One phase 2 study showed that RBX2660, a microbiota-based drug comprised of human stool, was effective in 77.8% of patients.
Dale Gerding, MD
An enema-administered microbiota-based treatment (RBX2660) is effective and safe for preventing recurrent Clostridium difficile infection (CDI) in patients with a history of recurrent CDI, according to findings presented at Anaerobe 2018 in Las Vegas, Nevada, held July 9-12, 2018.
RBX2660 is comprised of a single-dose of 50 g human stool contained in a 150 mL liquid suspension. The treatment includes spore and non-spore-forming microbes and is administered via ready-to-use enema.
“Rebiotix is seeking FDA Biologics License Application (BLA) approval for a microbiota replacement product [RBX2660] that will be readily available to physicians and has been demonstrated to be both safe and effective in preventing further recurrence of CDI in patients who have already had multiple CDI episodes,” study author and presenter Dale Gerding, MD, of the Veterans Affairs Hospital in Hines, IL, told MD Magazine®. “Current ‘stool bank’ purchasing sites are not gathering sufficient data to meet these FDA requirements for safety and efficacy that are needed to assure physicians and patients. These safety and efficacy issues will be addressed through the FDA approval process.”
The analysis Gerding presented is a synthesis of 2 datasets: 1) a phase 2B randomized controlled trial with an open-label option for participants with treatment failure (PUNCH CD), and 2) a phase 2 open-label trial with controls who had a history of antibiotic treatment (PUNCH SOS). In both trials, participants had ≥2 CDI recurrences following a primary episode or had ≥2 CDI episodes which resulted in hospital admission. Study investigators administered 1-2 doses of RBX2660 exactly 7 days apart, with treatment failures resulting in the administration of up to 2 open-label active treatment doses.

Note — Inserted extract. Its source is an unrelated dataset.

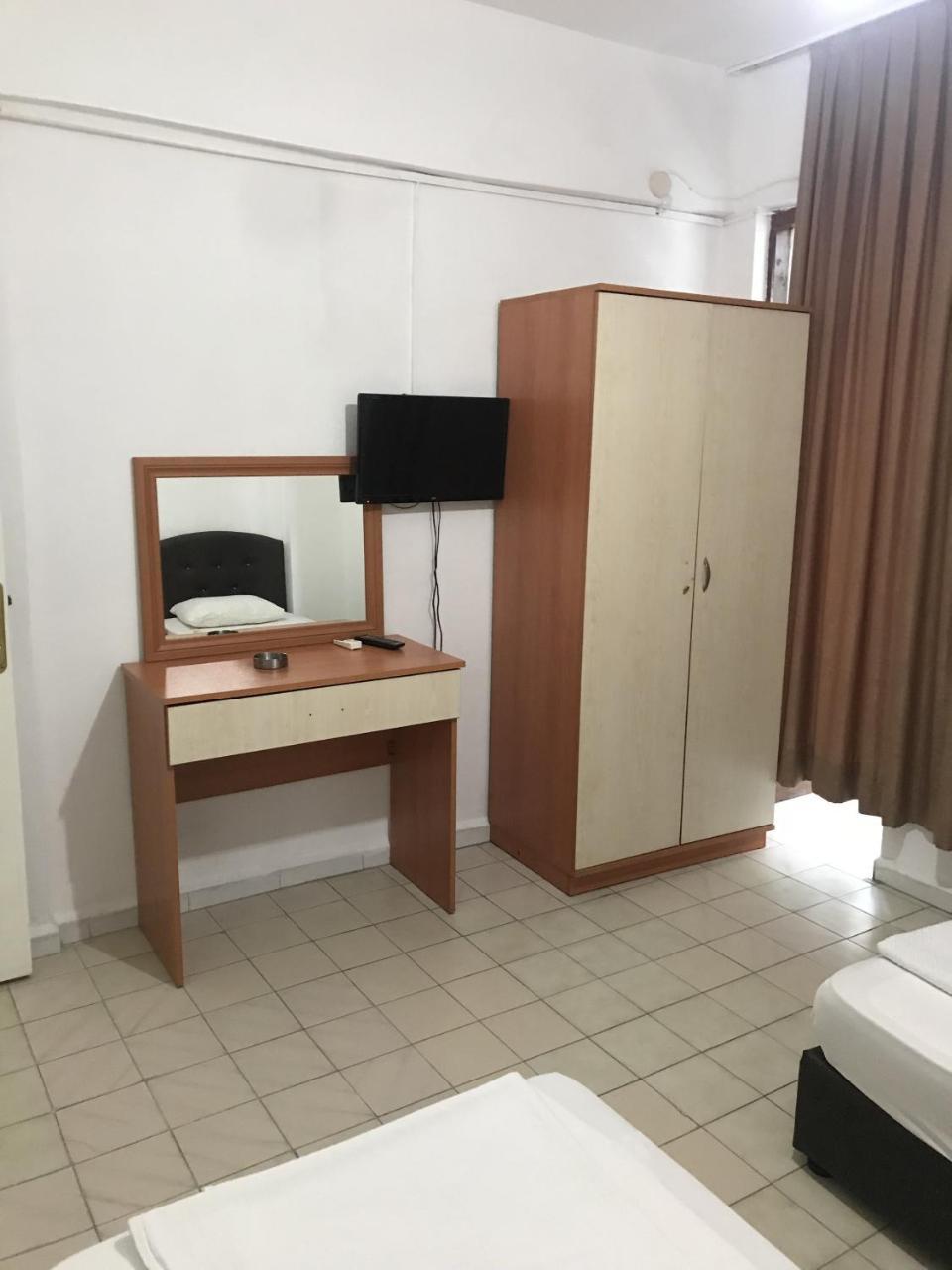 אלאניה Cemal Bey Apart Hotel מראה חיצוני תמונה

Successful treatment was defined as the absence of C. difficile diarrhea without requiring anti-infective or fecal transplant retreatment through 56 days following the last enema administration. Treatment failure was defined as a positive C. difficile stool test, need for CDI retreatment, presence of diarrhea with or without other CDI symptoms within 8 weeks following last enema therapy, and no other identifiable cause for diarrhea.
In the PUNCH SOS study, patients receiving 2 doses of RBX2660 (n = 136) were compared with historical controls (n = 110). In the PUNCH CD study, patients were randomized to either 2 doses of RBX2660, 2 doses of placebo, or 1 dose of RBX2660 plus 1 dose of placebo. A total of 369 recurrent CDI patients were included in both trials.

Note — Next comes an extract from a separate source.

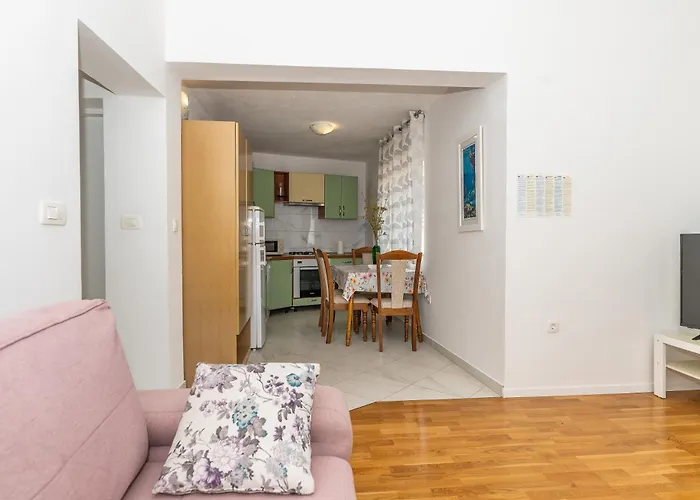 Marina On The Second Floor Διαμέρισμα *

Patients receiving ≥1 blinded RBX2660 treatment dose experienced a significantly higher success rate compared with patients receiving placebo (66.7% vs 45.5%, respectively; P <.05). In the open-label study, administration of ≥1 RBX2660 dose was effective in 77.8% of patients. No unanticipated adverse events were found, with most events being attributed to gastrointestinal issues within 8 weeks following treatment.
“The RBX2660 trials are underway and will gather not only data on safety and efficacy but will also correlate clinical outcomes with changes in the microbiome of the recipient subjects who are administered RBX2660 vs placebo,” Gerding concluded.
The study, “The Microbiota-based Drug RBX2660 is Efficacious and Safe in Patients with Recurrent Clostridium difficile Infections: Results from 2 controlled Clinical Studies,” was presented at the Anaerobe 2018 Congress in Las Vegas, NV, on July 12, 2018.
Disclosure: Dale Gerding is a member of the Scientific Advisory Board for Rebiotix, Merck, Actelion, Summit, and DaVolterra and also serves as Medical Officer for Rebiotix.